Re: [xmca] motive/project

From: Andy Blunden <ablunden who-is-at>
Date: Sat Dec 13 2008 - 22:00:58 PST

Let me illustrate.

When I started work at Melbourne Uni., I joined the
University of Melbourne General Staff Association (UMGSA); a
few years later we amalgamated into a registered Federal
Union, the State Public Services Federation (SPSF); a few
years after that, most of us joined the National Tertiary
Education Union (NTEU).

The UMGSA was an in-house association set up by the
University, when the upsurge of militancy in the early 70s
threatened to overtake them; the officials were mostly
middle level managers.

The SPSF was a federal union representing white collar
staff, not academics, throughout the public sector.

The NTEU represents everyone who worked in Universities, and
represents the entire industry to government.

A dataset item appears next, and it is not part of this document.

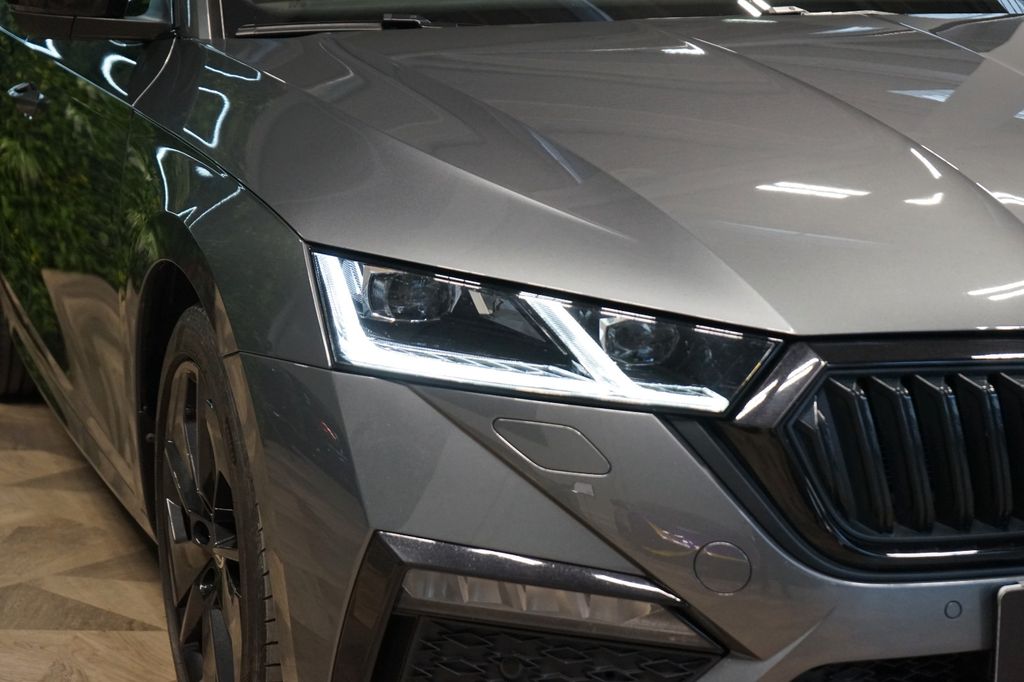 Skoda Octavia 2023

One could say that all these responded to the same need for
representation. But *psychologically* the impact of each of
them was very different. They were very different projects.
They represented different ideals, different identities for
their members, different visions of the place of the general
staff in relation to their bosses and their work. Each was
the outcome a very complex, interweaving history.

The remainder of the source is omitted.